Un barrage de roquettes a frappé le bâtiment, où quelque 40 officiers supérieurs étaient présents à l’époque – toujours selon des sources ukrainiennes. Au moins vingt officiers et deux cents soldats subalternes auraient été tués dans le bombardement. Parmi eux se trouvait le général de division Andrei Simonov, qui selon des sources ukrainiennes est déjà le dixième (des sources occidentales disent : neuvième) général russe à avoir été tué en Ukraine.

Vague de spéculation

Les premiers rapports sur l’attaque se sont concentrés sur Simonov, dont la mort a été confirmée par le gouvernement ukrainien, y compris Oleksiy Arestovich, conseiller du président Zelensky. Arestovitch a alors encore mentionné un chiffre d’une centaine de morts, mais ce chiffre était plus tard, également dansL’heure de New Yorks, porté à deux cents. Des rapports ont rapidement fait surface selon lesquels Gerasimov était également sur les lieux lors de l’attaque, et une vague de spéculations sur Internet a commencé.

Il n’est pas contesté que Gerasimov est venu personnellement au front. Il devrait accélérer l’avancée russe douloureusement lente là-bas. Le président Vladimir Poutine semble croire à la présence physique d’un général au front, et surtout d’un général qui puisse aligner tous ces autres généraux.

Vladimir Poutine s’entretient avec Valery Gerasimov et Sergei Shoygu, ministre russe de la Défense.Point d’accès d’image

En avril, il a donc nommé Aleksandr Dvornikov commandant général de la bataille en Ukraine. Dvornikov avait fait sa marque en Syrie et était considéré comme un épéiste à succès. Pourtant, quelques jours seulement après sa nomination, le croiseur Moskwa, navire amiral de la flotte russe en mer Noire, a été coulé par des missiles ukrainiens. C’était une perte extrêmement douloureuse pour Poutine, que Dvornikov n’avait pas pu éviter.
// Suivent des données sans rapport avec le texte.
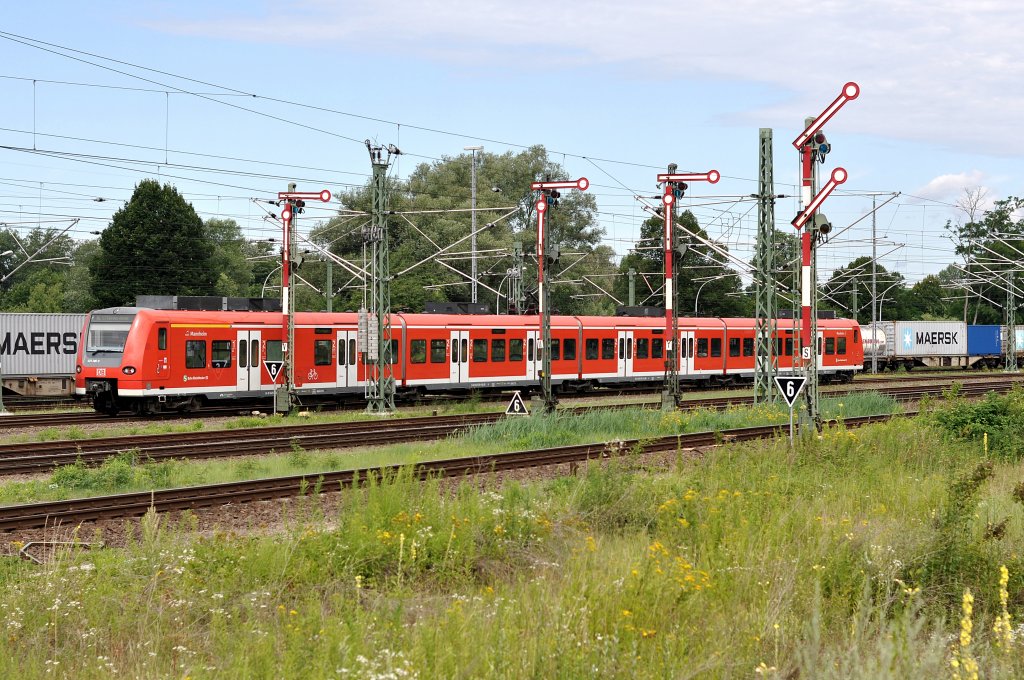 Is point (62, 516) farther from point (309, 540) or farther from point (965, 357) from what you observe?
point (965, 357)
Maintenant que l’offensive dans l’est et le sud de l’Ukraine ne se déroule pas aussi bien que Poutine l’avait espéré – en partie à cause de l’augmentation de l’aide occidentale en armement à l’Ukraine – tout ce qu’il pouvait faire était d’envoyer un général encore plus haut placé. Il n’en restait plus qu’un, le plus ancien : Valery Gerasimov est chef d’état-major de l’armée russe et, avec le ministre de la Défense Sergei Shoygu, confident et haut conseiller de Poutine pour les affaires de guerre.

Le New York Times cite des “analystes militaires occidentaux” anonymes qui voient dans la dépêche de Gerasimov une preuve du désarroi de l’armée russe. Izyum, où se trouvait le poste de commandement avancé, était le centre à partir duquel l’avance russe était dirigée.

Pas de poussée rapide

L’intention était d’encercler une partie de l’armée ukrainienne d’une poussée rapide, un exploit qui pourrait éventuellement être présenté comme une victoire en Russie dès la semaine prochaine. L’arrivée de Gerasimov aurait dû redonner courage aux hommes.
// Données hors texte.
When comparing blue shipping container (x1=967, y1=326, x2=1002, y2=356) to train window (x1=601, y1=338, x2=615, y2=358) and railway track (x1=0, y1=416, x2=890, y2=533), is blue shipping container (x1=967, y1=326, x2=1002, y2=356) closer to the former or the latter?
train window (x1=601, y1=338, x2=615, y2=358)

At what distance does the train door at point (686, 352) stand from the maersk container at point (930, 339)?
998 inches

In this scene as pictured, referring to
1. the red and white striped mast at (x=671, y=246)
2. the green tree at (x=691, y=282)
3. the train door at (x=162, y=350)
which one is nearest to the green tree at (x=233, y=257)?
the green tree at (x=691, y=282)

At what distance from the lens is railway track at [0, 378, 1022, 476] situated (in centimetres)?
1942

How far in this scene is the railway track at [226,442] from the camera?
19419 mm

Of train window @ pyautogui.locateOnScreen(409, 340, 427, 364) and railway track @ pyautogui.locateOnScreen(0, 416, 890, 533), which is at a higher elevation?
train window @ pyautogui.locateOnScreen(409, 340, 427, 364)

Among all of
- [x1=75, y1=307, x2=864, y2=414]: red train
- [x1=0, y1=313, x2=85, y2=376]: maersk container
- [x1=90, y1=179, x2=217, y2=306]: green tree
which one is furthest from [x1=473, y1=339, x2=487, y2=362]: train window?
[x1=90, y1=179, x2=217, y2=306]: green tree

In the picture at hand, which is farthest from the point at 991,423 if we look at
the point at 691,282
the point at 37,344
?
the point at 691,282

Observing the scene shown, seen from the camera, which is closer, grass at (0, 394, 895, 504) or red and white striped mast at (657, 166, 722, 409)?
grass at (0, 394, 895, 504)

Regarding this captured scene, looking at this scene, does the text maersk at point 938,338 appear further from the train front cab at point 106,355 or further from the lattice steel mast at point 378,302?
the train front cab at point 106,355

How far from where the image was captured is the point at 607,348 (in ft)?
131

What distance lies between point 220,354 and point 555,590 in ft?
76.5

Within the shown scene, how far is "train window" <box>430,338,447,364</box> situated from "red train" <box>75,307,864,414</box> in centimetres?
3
Le 9 mai, Moscou commémore la victoire sur l’Allemagne lors de la Seconde Guerre mondiale avec un grand défilé militaire. Surtout après l’attaque dévastatrice du centre de commandement, au cours de laquelle la moitié du personnel a été tuée, il est presque impossible qu’une poussée rapide puisse y être présentée comme un exploit.

Gerasimov est selon Le New York Times indemne, car selon le journal il était déjà parti quand les roquettes sont tombées. Selon d’autres sources, cependant, le général était en effet “près de l’attaque” et trois de ses aides ont été tués. Selon l’ex-ministre ukrainien Arsen Avarov, qui a invoqué un “initié en Russie”, Gerasimov aurait été touché par un fragment de bombe à la cuisse droite, mais l’os n’a pas été brisé.

En tout cas, le général a écourté sa visite au front. Dimanche, selon une autre “source”, Gerasimov est monté à bord d’un avion du ministère de la Défense à Belgorod et s’est envolé pour Moscou. Il n’y a pas été revu depuis.